El contenido excesivamente bizarro o excéntrico de estos anuncios provoca que algunos de estos intérpretes quieran olvidarlos para siempre. Otros se lo toman con humor y los utilizan como anécdotas recurrentes en entrevistas. Es el caso de la actriz Evangeline Lilly, que no ha dudado en recordar su pasado como imagen de una línea de contactos telefónica para solteros. También Jennifer Lawrence, que se hizo pasar por una princesa adolescente que terminaba por los suelos (profecía de posteriores tropiezos en la alfombra roja) para promocionar el programa Sweet Sixteen de la MTV. O Brad Pitt, en modo californiano surfero exhibidor de abdominales, vendiendo Pringles en los ochenta. Por cierto, Elisabeth Moss (la gran diva de la ficción actual), necesitó solo 30 segundos para vendernos unas pastillas contra las migrañas interpretando a una paciente con un tono, cuanto menos, perturbador. Su homólogo catódico masculino, Bryan Cranston, hacía lo mismo con una crema antihemorroidal.

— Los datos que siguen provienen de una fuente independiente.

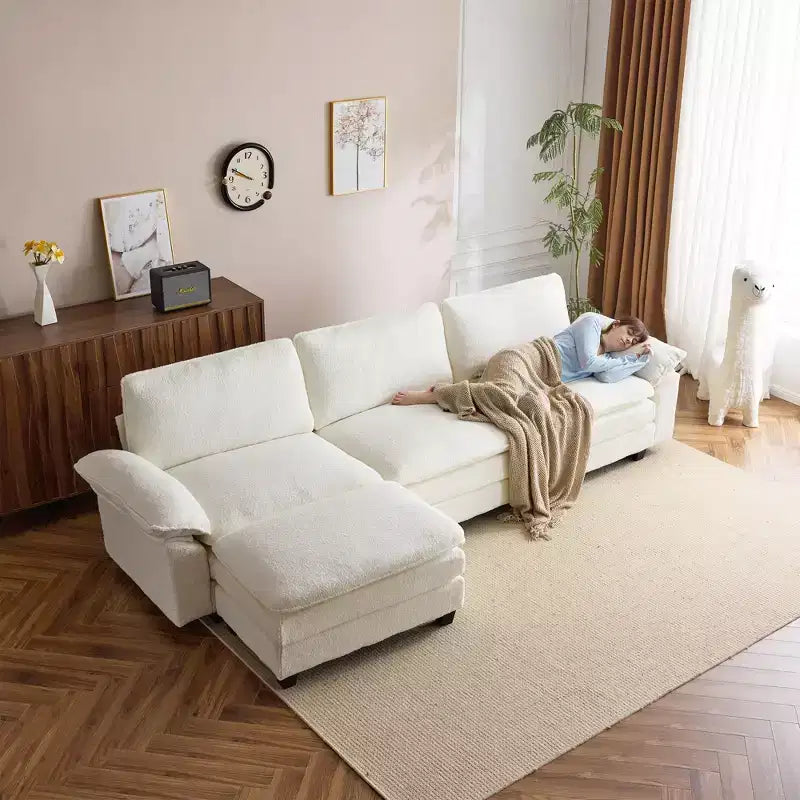 Divano Sezionale da 306,8 cm, Divano a L Convertibile, Divani Imbottiti con Pouf Movibile per Salotto e Ufficio, Beige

Otras, como Kristen Stewart, tuvieron más suerte y se convirtieron en imagen de compañías de lujo, como la automovilística Porsche. Naomi Watts y Courteney Cox enunciaban en los ochenta las ventajas de los Tampax en sus respectivos países de origen. La publicidad dirigida a los consumidores más jóvenes también supone otro de los géneros más proclives para toparnos con actores que estaban empezando. Mila Kunis, con 13 años, “tenía que tener” todos los coloridos artículos de las tiendas de Lisa Frank y nombres como Jack Black, Tobey Maguire o Paul Rudd aparecían en sendos anuncios presentando videojuegos y consolas de Atari o Nintendo. Pero pocos directores de casting estuvieron tan acertados como aquellos que reunieron a unos semidesconocidos Bruce Willis y Sharon Stone para promocionar la ginebra Seagram´s. Quizá sea hora de que dejemos de aprovechar los anuncios para ir al baño. ¿Quién sabe si podemos ser los primeros en descubrir a la próxima gran estrella de cine?